- The problem
Each line below should be repeated exactly, but no picture should be carried over.

----- Supplied data

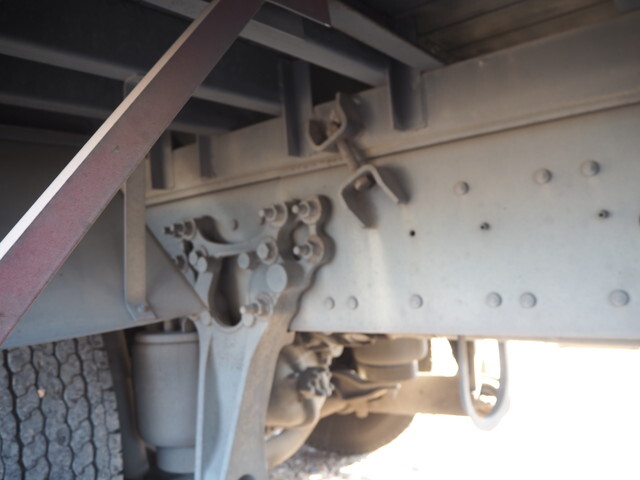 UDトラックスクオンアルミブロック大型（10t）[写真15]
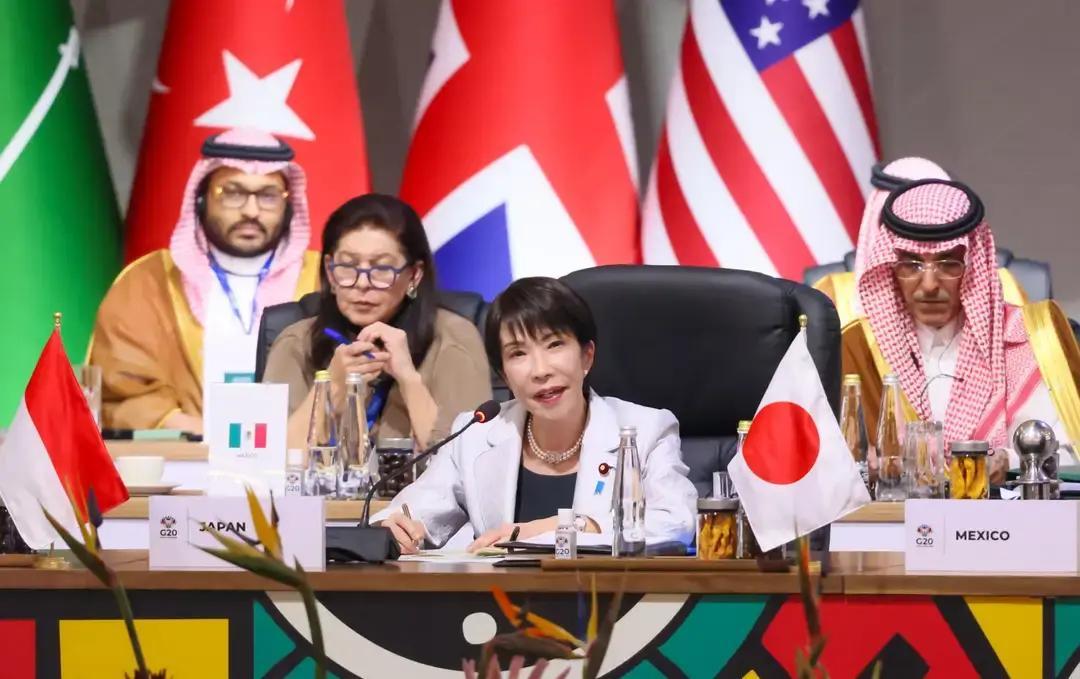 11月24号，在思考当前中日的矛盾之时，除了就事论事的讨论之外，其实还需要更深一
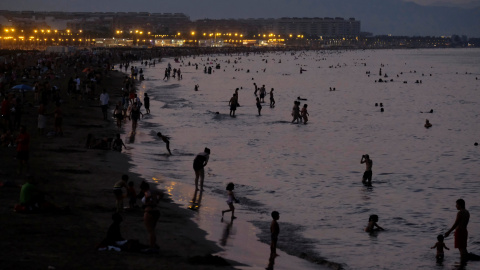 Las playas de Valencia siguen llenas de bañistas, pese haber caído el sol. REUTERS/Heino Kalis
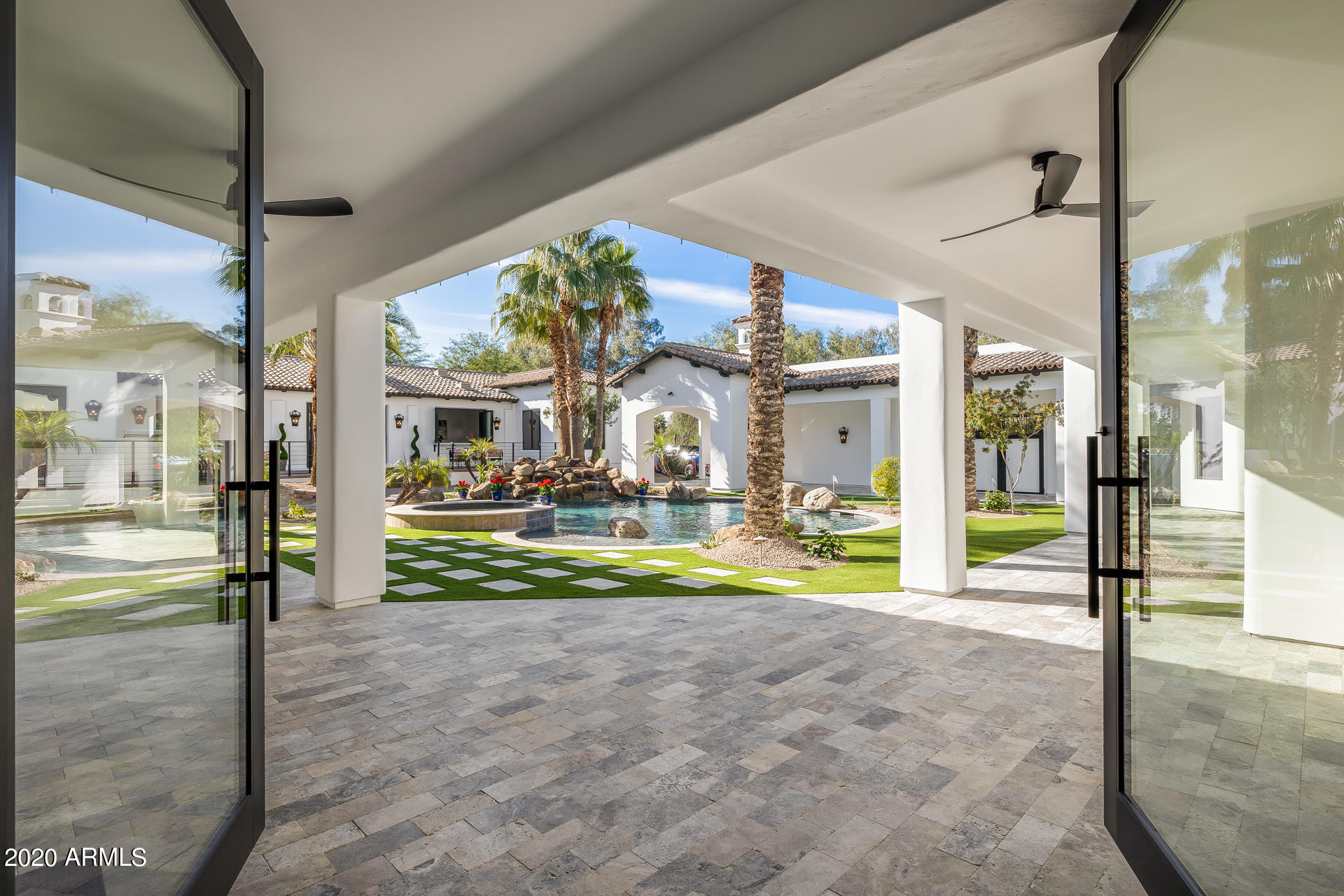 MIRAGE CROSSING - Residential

----------

- Result
 UDトラックスクオンアルミブロック大型（10t）[写真15]
 11月24号，在思考当前中日的矛盾之时，除了就事论事的讨论之外，其实还需要更深一
 Las playas de Valencia siguen llenas de bañistas, pese haber caído el sol. REUTERS/Heino Kalis
 MIRAGE CROSSING - Residential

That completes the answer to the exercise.